Sumber daya manusia, adalah rukun penting dalam manajemen sosial. Faktor-faktor seperti jumlah SDM, kondisi psikis, komunikasi, sangat menentukan keberhasilan masyarakat.

Ketika keduanya diperhatikan dan diatur dengan baik, segalanya akan berjalan dengan lancar.

Semenjak terdengar rencana penyerangan kaum kafir Quraisy, sebagaimana yang dijelaskan Al Qur'an, penduduk Madinah terbagi menjadi tiga kelompok:

1. Orang-orang yang beriman: Jumlah mereka sangat terbatas. Mereka adalah para sahabat sejati nabi yang tidak pernah waswas dalam kondisi apapun mereka berada. Tentang mereka Allah swt berfirman:

"Dan ketika mereka melihat Al Ahzab (pasukan yang berkelompok-kelompok), mereka berkata: "Inilah yang dijanjikan Allah dan utusan-Nya. Dan tidaklah bertambah pada diri mereka kecuali keimanan dan kepasrahan."(9)

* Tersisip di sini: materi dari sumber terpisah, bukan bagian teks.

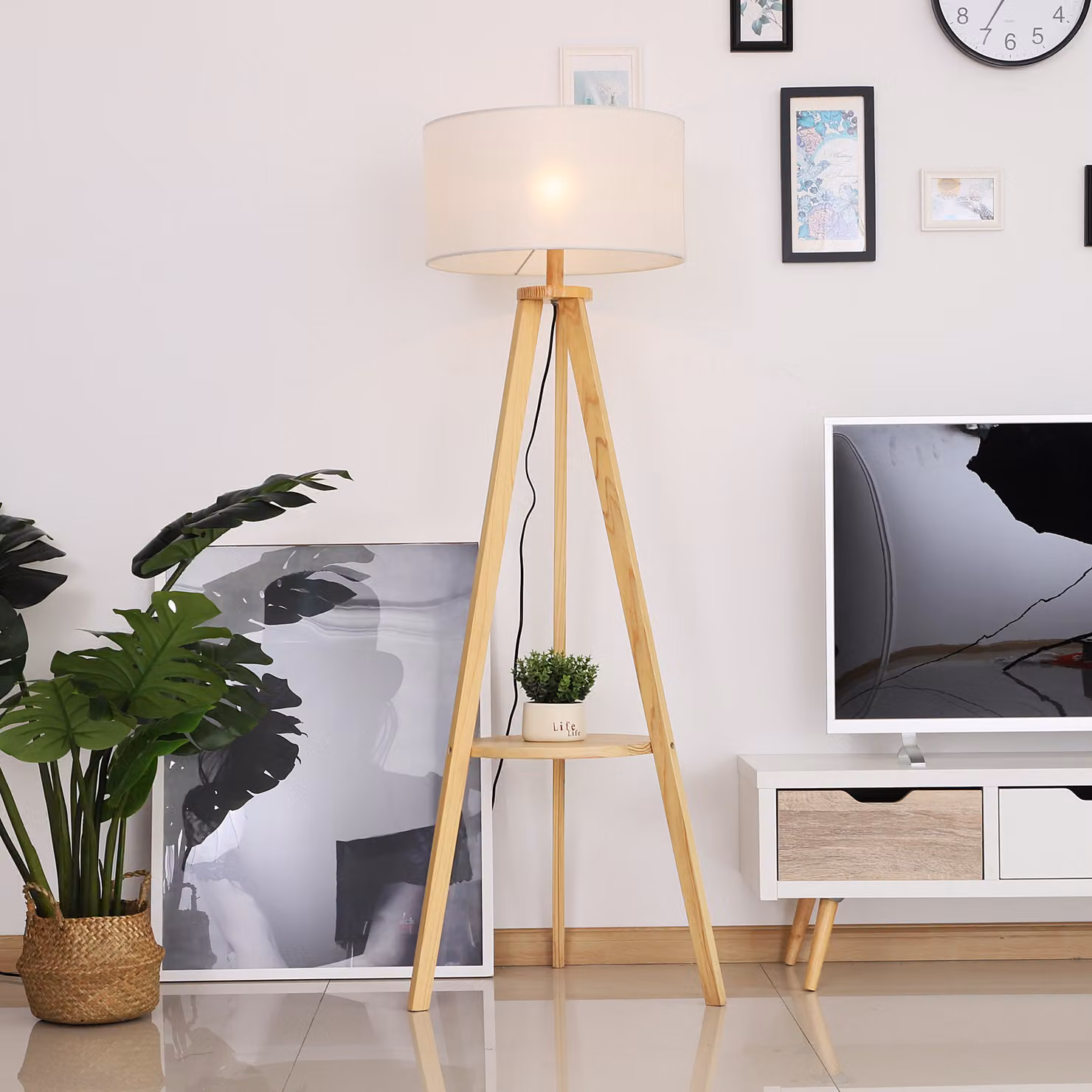 HOMCOM Freestanding Tripod Floor Lamp with Storage Shelf and Beige Linen Shade, Height: 154 cm – 5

2. Kaum munafik: Pada dasarnya mereka terpaksa memeluk Islam, dan bahkan masih menyimpan dendam terhadap Rasulullah saw. Seandainya ada kesempatan, mereka segera menjatuhkan nabi dan menolong musuhnya. Dia berfirman:

"Dan ketika itu orang-orang munafik yang sakit hatinya berkata: "Sungguh yang dijanjikan Allah dan Rasul-Nya kepada kita hanyalah kebohongan belaka." Lalu sebagian dari mereka berkata: "Wahai penduduk Yatsrib (Madinah), kalian tidak sebanding dengan mereka; pulanglah."(10)

3. Para pengecut: Dengan kelemahan mental yang mereka miliki, terkadang sampai-sampai mereka menularkan sifat buruk itu ke orang lain. Allah swt berfirman:

"Sesungguhnya Allah mengetahui orang-orang yang menghalang- halangi di antara kamu dan orang-orang yang berkata kepada saudara- saudaranya: "Marilah kepada kami." Dan mereka tidak mendatangi peperangan melainkan sebentar."(11)

Mereka pergi meninggalkan nabinya dalam peperangan:

"Dan sebahagian dari mereka minta izin kepada Nabi (untuk kembali pulang) dengan berkata : "Sesungguhnya rumah-rumah kami terbuka (tidak ada penjaga)." Dan rumah-rumah itu sekali-kali tidak terbuka, mereka tidak lain hanya hendak lari."(12)

Mereka tidak dapat dipercaya. Mereka lebih cenderung kembali ke kufuran:

"Kalau (Yatsrib) diserang dari segala penjuru, kemudian diminta kepada mereka supaya murtad, niscaya mereka mengerjakannya; dan mereka tiada akan bertangguh untuk murtad itu melainkan dalam waktu yang singkat."(13)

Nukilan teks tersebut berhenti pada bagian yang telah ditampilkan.